1. Field of the Invention

This invention relates to antennas. More particularly, the invention relates to a compact adjustable antenna mount.

2. Description of Related Art

Antennas, such as reflector antennas for terrestrial microwave communication systems, may be highly directional. To maximize electrical performance, the antenna mount of an antenna may be finely adjustable for ease of obtaining a boresight alignment between antenna pairs forming an RF communications link. The antenna mount should maintain the selected alignment despite exposure over time to wind and/or ice loads acting upon the antenna that, depending upon the installation location, may rise to extreme levels during short periods such as storms. As a distance to the target antenna increases, even very small alignment shifts become significant. Should the antenna mount lose the desired boresight alignment, for example due to transient wind and/or ice loads, a significant expense may be incurred to return to a remote location such as atop a radio tower and repeat the alignment procedure.

Antenna mount ease of alignment adjustment and alignment stability characteristics may be improved in a trade-off with manufacturing cost and dimensional characteristics of the resulting antenna mount.

Competition in the antenna mount market has focused attention on improving alignment stability and ease of alignment adjustment while also minimizing overall manufacturing, inventory, distribution, installation and maintenance costs. Therefore, it is an object of the invention to provide a reflector antenna mount that overcomes deficiencies in the prior art.

BRIEF DESCRIPTION OF THE DRAWINGS

The accompanying drawings, which are incorporated in and constitute a part of this specification, illustrate embodiments of the invention, where like reference numbers in the drawing figures refer to the same feature or element and may not be described in detail for every drawing figure in which they appear and, together with a general description of the invention given above, and the detailed description of the embodiments given below, serve to explain the principles of the invention.

FIG. 1 is a schematic exploded isometric view of an exemplary antenna mount.

FIG. 2 is a schematic isometric view of the antenna mount of FIG. 1.

FIG. 3 is a schematic top view of the antenna mount of FIG. 1, mount removed.

FIG. 4 is a schematic isometric view of the azimuth adjuster area of the antenna mount of FIG. 1.

FIG. 5 is a schematic top view of the azimuth adjuster of FIG. 4.

FIG. 6 is a schematic isometric view of an azimuth adjuster area of the antenna mount of FIG. 1, demonstrating an alternative azimuth adjuster embodiment.

FIG. 7 is a schematic top view of the azimuth adjuster of FIG. 6.

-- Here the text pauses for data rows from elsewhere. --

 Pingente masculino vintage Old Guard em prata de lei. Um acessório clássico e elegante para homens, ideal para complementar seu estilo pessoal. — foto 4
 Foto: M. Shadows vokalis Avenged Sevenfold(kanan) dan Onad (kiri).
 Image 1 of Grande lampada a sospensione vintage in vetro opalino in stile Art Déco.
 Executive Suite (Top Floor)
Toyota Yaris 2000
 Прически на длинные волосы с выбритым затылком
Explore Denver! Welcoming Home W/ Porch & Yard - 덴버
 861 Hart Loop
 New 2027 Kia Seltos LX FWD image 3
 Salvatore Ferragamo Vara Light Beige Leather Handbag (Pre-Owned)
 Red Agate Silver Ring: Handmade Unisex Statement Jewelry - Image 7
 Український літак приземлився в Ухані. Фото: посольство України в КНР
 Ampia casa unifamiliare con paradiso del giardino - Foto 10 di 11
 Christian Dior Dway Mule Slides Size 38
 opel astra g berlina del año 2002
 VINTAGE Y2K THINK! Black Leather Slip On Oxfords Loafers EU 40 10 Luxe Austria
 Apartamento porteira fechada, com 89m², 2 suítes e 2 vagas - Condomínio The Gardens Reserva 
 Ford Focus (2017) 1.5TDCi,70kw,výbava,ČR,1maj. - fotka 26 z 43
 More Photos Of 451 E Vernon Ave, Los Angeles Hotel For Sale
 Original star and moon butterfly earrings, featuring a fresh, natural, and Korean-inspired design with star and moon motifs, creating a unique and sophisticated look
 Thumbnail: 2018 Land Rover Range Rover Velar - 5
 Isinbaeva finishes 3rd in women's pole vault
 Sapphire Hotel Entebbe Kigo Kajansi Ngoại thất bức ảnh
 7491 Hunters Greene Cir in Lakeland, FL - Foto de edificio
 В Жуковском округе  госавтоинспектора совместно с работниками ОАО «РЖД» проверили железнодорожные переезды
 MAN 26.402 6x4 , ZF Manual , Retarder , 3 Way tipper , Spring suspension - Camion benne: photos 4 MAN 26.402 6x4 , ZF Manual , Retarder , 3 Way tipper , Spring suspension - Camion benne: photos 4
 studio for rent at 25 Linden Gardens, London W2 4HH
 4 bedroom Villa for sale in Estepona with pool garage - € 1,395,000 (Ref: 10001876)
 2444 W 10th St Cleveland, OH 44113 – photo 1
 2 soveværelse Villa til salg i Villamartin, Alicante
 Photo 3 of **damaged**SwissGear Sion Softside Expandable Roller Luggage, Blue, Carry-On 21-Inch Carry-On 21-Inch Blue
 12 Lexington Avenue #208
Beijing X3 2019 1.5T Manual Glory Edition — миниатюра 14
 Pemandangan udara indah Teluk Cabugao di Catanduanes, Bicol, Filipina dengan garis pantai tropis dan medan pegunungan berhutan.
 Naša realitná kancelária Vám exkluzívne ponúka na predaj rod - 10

FIG. 8 is a schematic isometric view of an azimuth adjuster area of the antenna mount of FIG. 1, demonstrating an alternative azimuth adjuster embodiment.

FIG. 9 is a schematic top view of the azimuth adjuster of FIG. 8.

FIG. 10 is a schematic side view of the antenna mount of FIG. 1, demonstrating another azimuth adjuster embodiment.

FIG. 11 is a schematic isometric view of the antenna mount of FIG. 1, further including a reinforcement bracket.

FIG. 12 is a schematic isometric view of the antenna mount of FIG. 1, at a minimum elevation pivot position.

FIG. 13 is a schematic isometric view of the antenna mount of FIG. 1, at a maximum elevation pivot position.

FIG. 14 is a schematic isometric side view of the antenna mount of FIG. 1, with a second elevation pivot slot and fastener.

FIG. 15 is a schematic mount side view of the antenna mount of FIG. 14, mount removed for clarity.

DETAILED DESCRIPTION

The inventors have recognized that the dimensions and therefore the wind load characteristics and/or material costs of an antenna mount may be reduced by limiting the size of structural elements to an extent of the desired mounting surfaces without sacrificing ease of adjustment by configuring the fine adjustment elements for access at a periphery of the antenna mount, positioned for easy tool access without interference with the mount structure.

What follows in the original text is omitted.